His achievements speak for themselves, or do they? Are those achievements tainted?
There is an old proverb which says that there is no smoke without fire , and this may very well be true in Guardiola’s case. Drug tested as a player for the banned anabolic steroid nandrolone while playing in Italy’s Serie A for Brescia in 2001. Guardiola was later exonerated
Manager of Barcelona who were found guilty of bribing referees. Former FC Barcelona presidents Sandro Rosell and Josep Maria Bartomeu, José María Enríquez Negreira, and his son Javier Enríquez Romero, were indicted for "corruption", "breach of trust", and "false business records", opening an investigation into the case.
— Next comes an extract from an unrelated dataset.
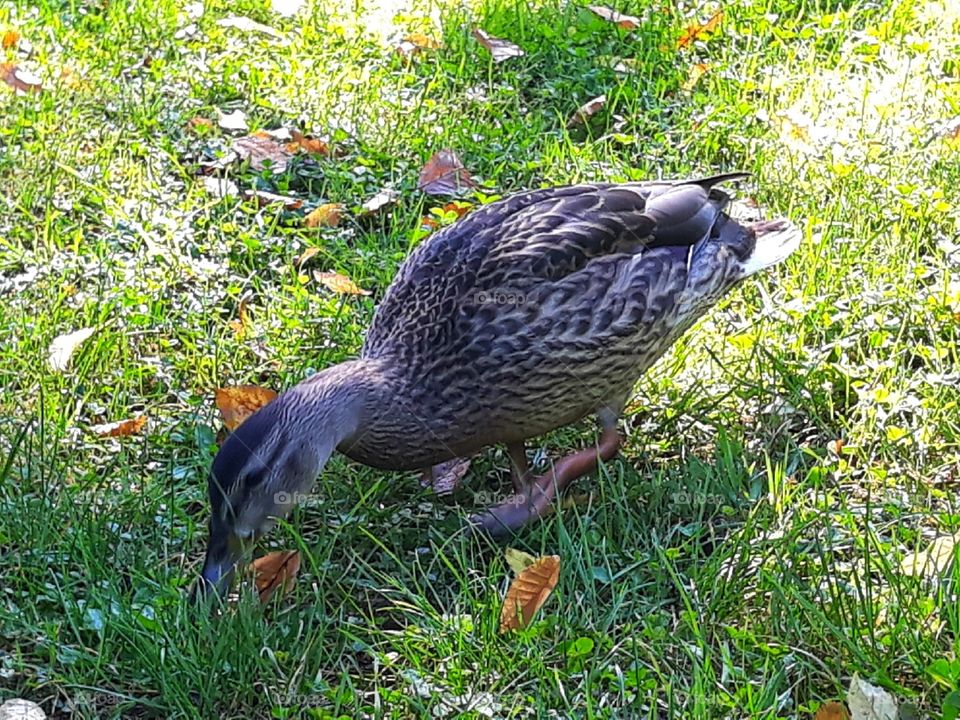 Wild duck on the green grass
Guardiola is of course innocent as he did not make payments
Manager of a Manchester City side that were given a two-year ban and were also handed a €30 million fine by UEFA's Club Financial Control Body for breach of Financial Fair Play rules after deeming they'd falsely inflated sponsorship revenues between 2012 and 2016. The ruling was later contested, and the court overturned the ban and reduced the fine to €10m
Manager of Manchester City who currently have 115+ charges. The alleged breaches include overstating sponsorship revenue, failing to provide accurate financial information, breaching player and manager remuneration rules, and non-compliance with investigatory obligations. Guardiola is of course innocent until proven a beneficiary.
Manger of a club owned by a nation state with bottomless resources via Deputy Prime Minister of the United Arab Emirates and a senior royal, Sheikh Mansour bin Zayed Al Nahyan. He operates within an authoritarian state that is frequently criticised by international organisations for restricting freedom of expression, criminalising dissent, and lacking fair trials. Human rights groups have demanded UK sanctions. Human rights organisations have called on the British government to investigate Sheikh Mansour's alleged role in the UAE government's support for the paramilitary Rapid Support Forces (RSF) in Sudan. And a UN Panel of Experts and U.S. intelligence have identified the UAE as supplying weapons and logistical backing to the RSF, a militia group accused of committing widespread atrocities in Darfur. Naturally Guardiola is not involved in any of this he merely benefits financially.
His time at Bayern Munich seems to be his only tenure not to have any kind of shadow over it. In fact, the only hint of controversy was when Guardiola accused a dressing-room mole of damaging the club. Alleged details of rows that happened behind closed doors after the team's Champions League exit at the hands of Atlético Madrid were leaked to the German media and he was, understandably unhappy.
So, this man with a room full of trophies covering his time at Barcelona where he had the best players in the world and at Bayern Munich which is essentially a one/two team league and at Manchester City where has had unlimited resources, reaches the end of this chapter.
An iconoclast and a footballing genius for sure, but, and this is the thing, there is a whiff of something untoward connected to his achievements. The fans of the Clubs that he has managed won’t care about that and that’s fair enough, but in sport, above all businesses there is an expectation of fair play. Where Guardiola is concerned there will always be that niggling doubt that he didn’t play by the rules.